> What you are asked to do
Repeat exactly the lines of the records below, starting at the line containing "imageEyekepper 3 Pack" and ending at the line containing "TB.Buccaneers #5 Haason". Leave the pictures out.

(Captioned web images)
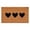 Black, variant on Calloway Mills Trio Hearts Doormat, 24" x 36"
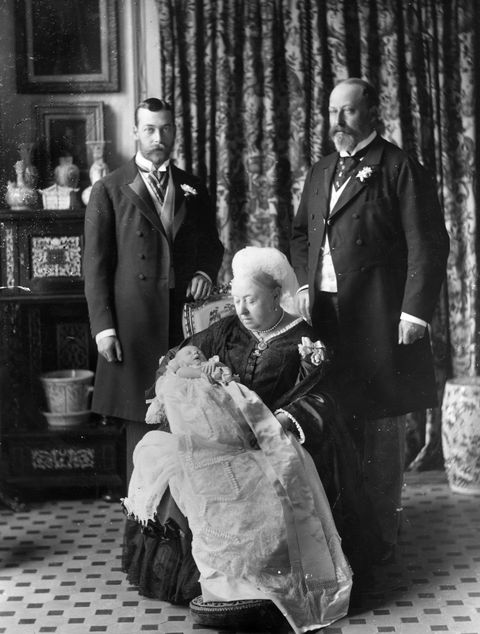 Queen Victoria at the Christening of Prince Edward Albert of York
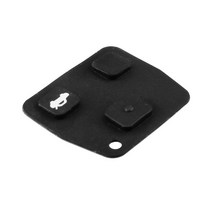 자동차키 KEYYOU 교체 3 버튼 자동차 원격 키 셸 커버 렉서스 rav4 도요타 Avensis corolla 검은 실리콘 고, 한개옵션0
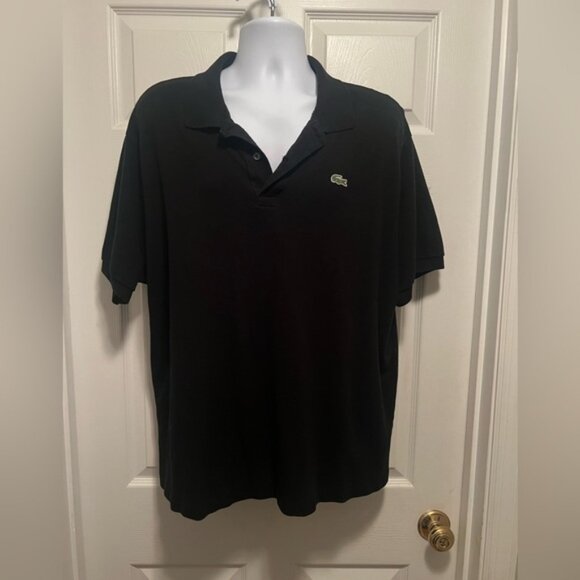 Lacoste Men's Polo Shirt in Black - Picture 1 of 3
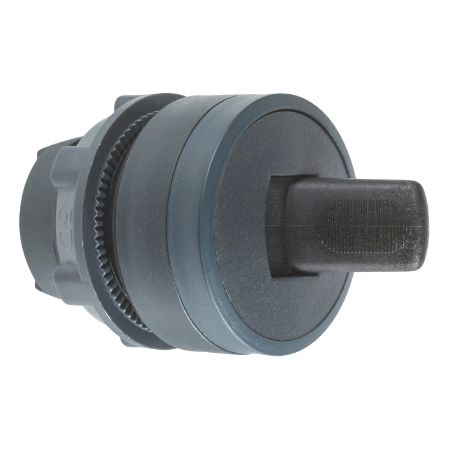 Picture of Toggle switch head, Harmony XB5, plastic, black, 22mm, 2 positions, stay put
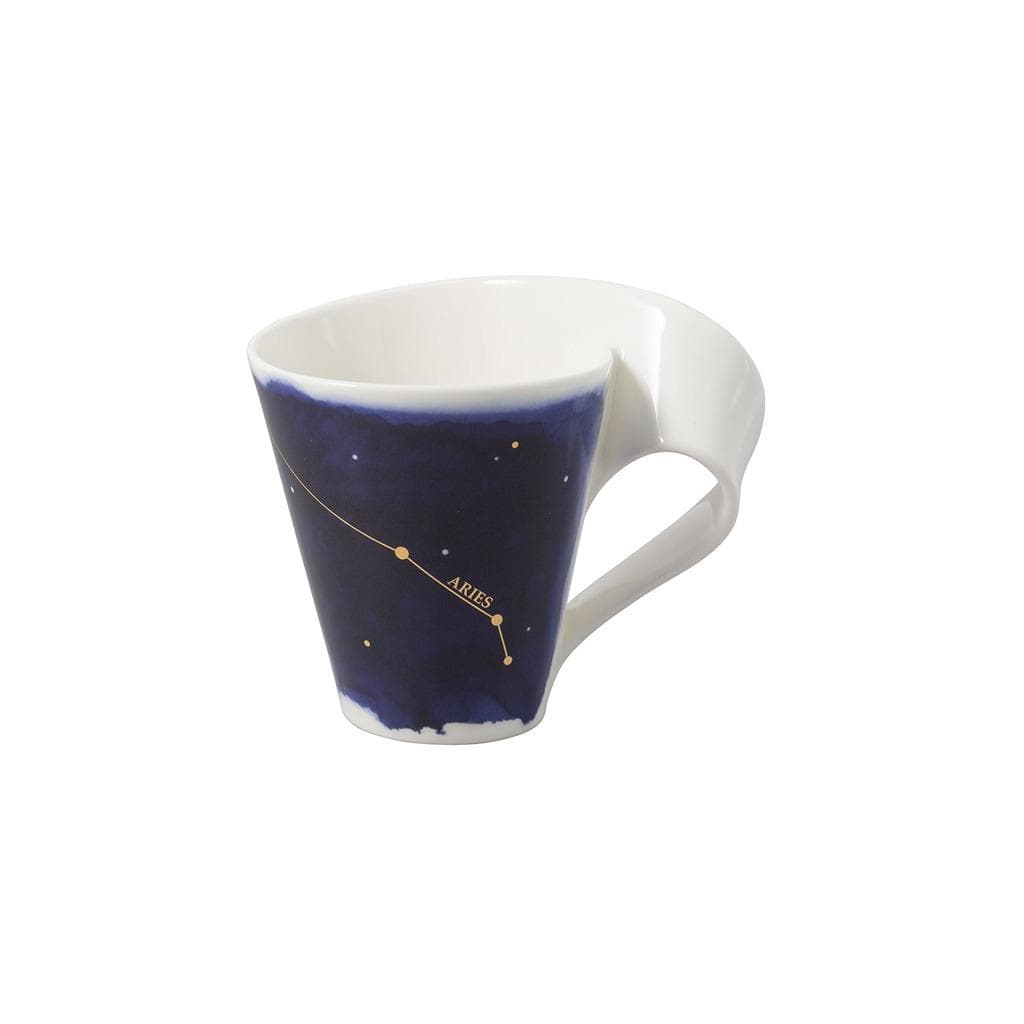 Villeroy & Boch Tasse Widder NewWave Stars 300 ml Weiß-Blau Porzellan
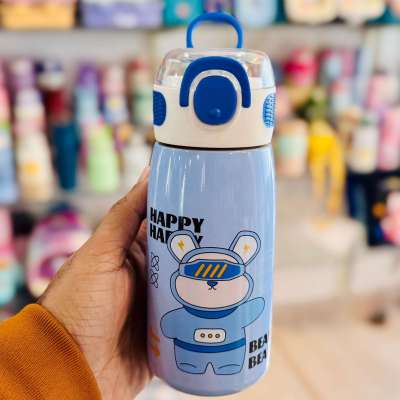 Insulated Steel Bottle with straw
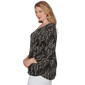 Plus Size Emaline Key Items 3/4 Sleeve Abstract Dot Tee - image 4
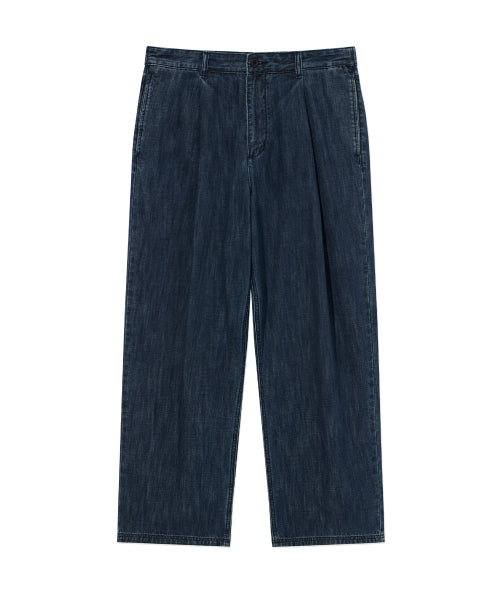SEMI WIDE-FIT LIGHTWEIGHT DENIM EASY PANTS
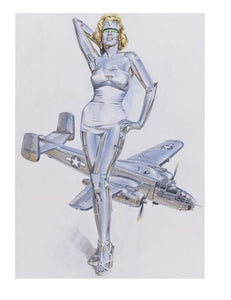 Hajime Sorayama - Giclée #SP 90 ( Sexy Robot, Plane, Marilyn Monroe)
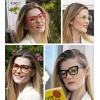 imageEyekepper 3 Pack Yellow Tinted Filter Lens Classic SemiRim Reading Glasses Blue Light Blocking Computer Eyeglasses 125C4 Pack Mix
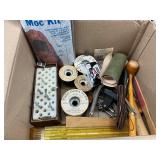 Leather working tools and leather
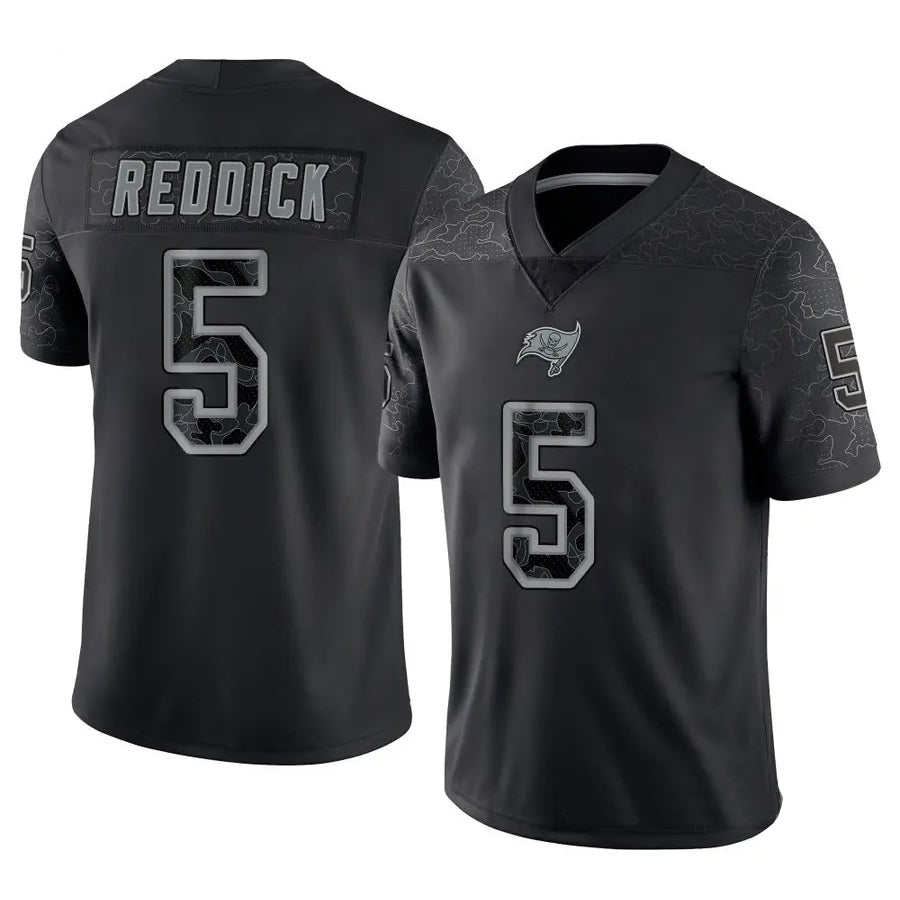 TB.Buccaneers #5 Haason Reddick Player Black REFLECTIVE Limited Football Jerseys football jersey product view 1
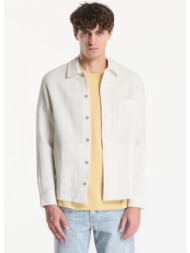 μπουφάν samsøe samsøe sadamon gc overshirt silver birch ch. l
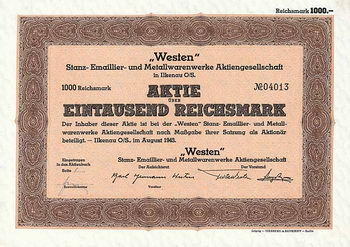 Westen Stanz-Emaillier- und Metallwarenwerke AG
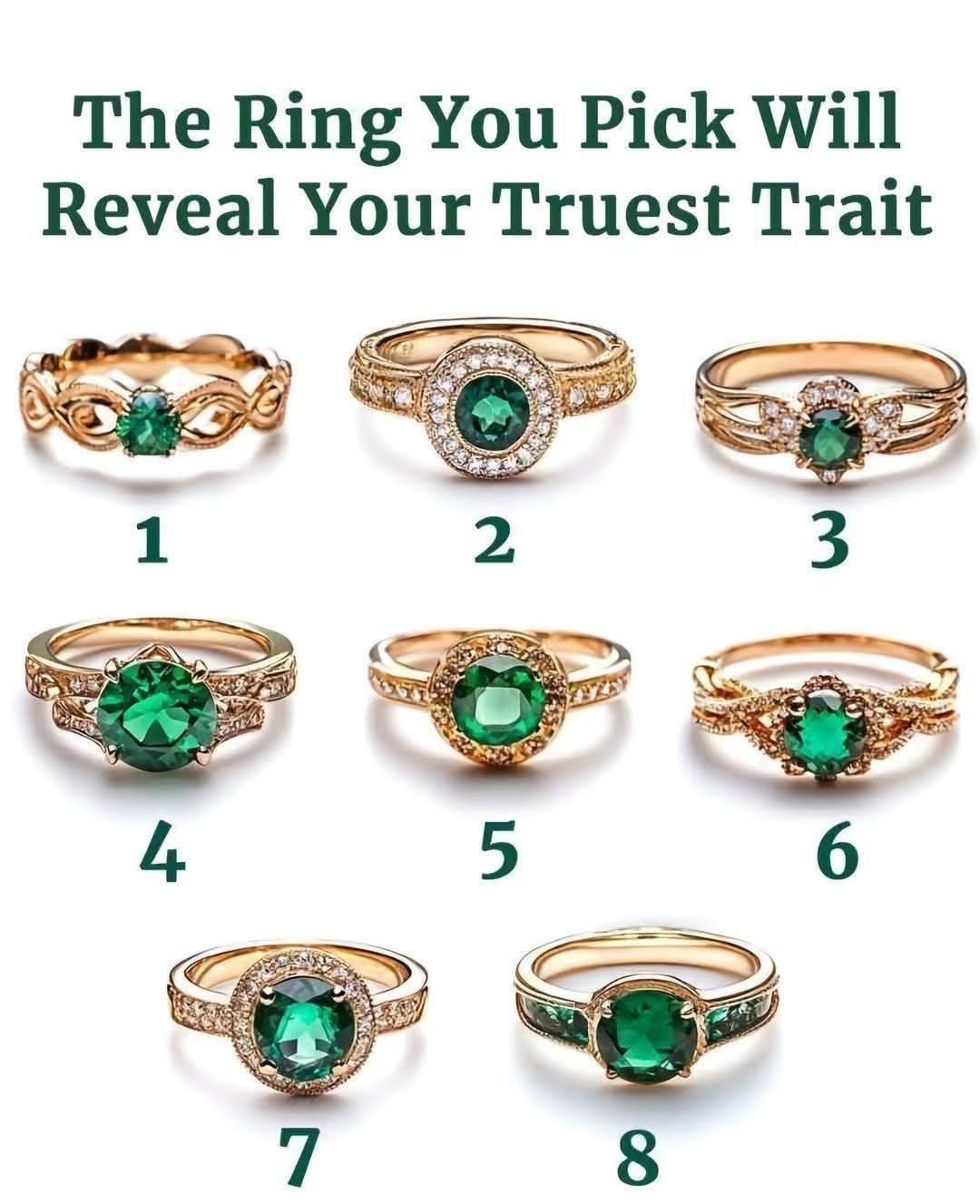 Pick Your Ring and Discover What It Says About You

> Completed task
 imageEyekepper 3 Pack Yellow Tinted Filter Lens Classic SemiRim Reading Glasses Blue Light Blocking Computer Eyeglasses 125C4 Pack Mix
 Leather working tools and leather
 TB.Buccaneers #5 Haason Reddick Player Black REFLECTIVE Limited Football Jerseys football jersey product view 1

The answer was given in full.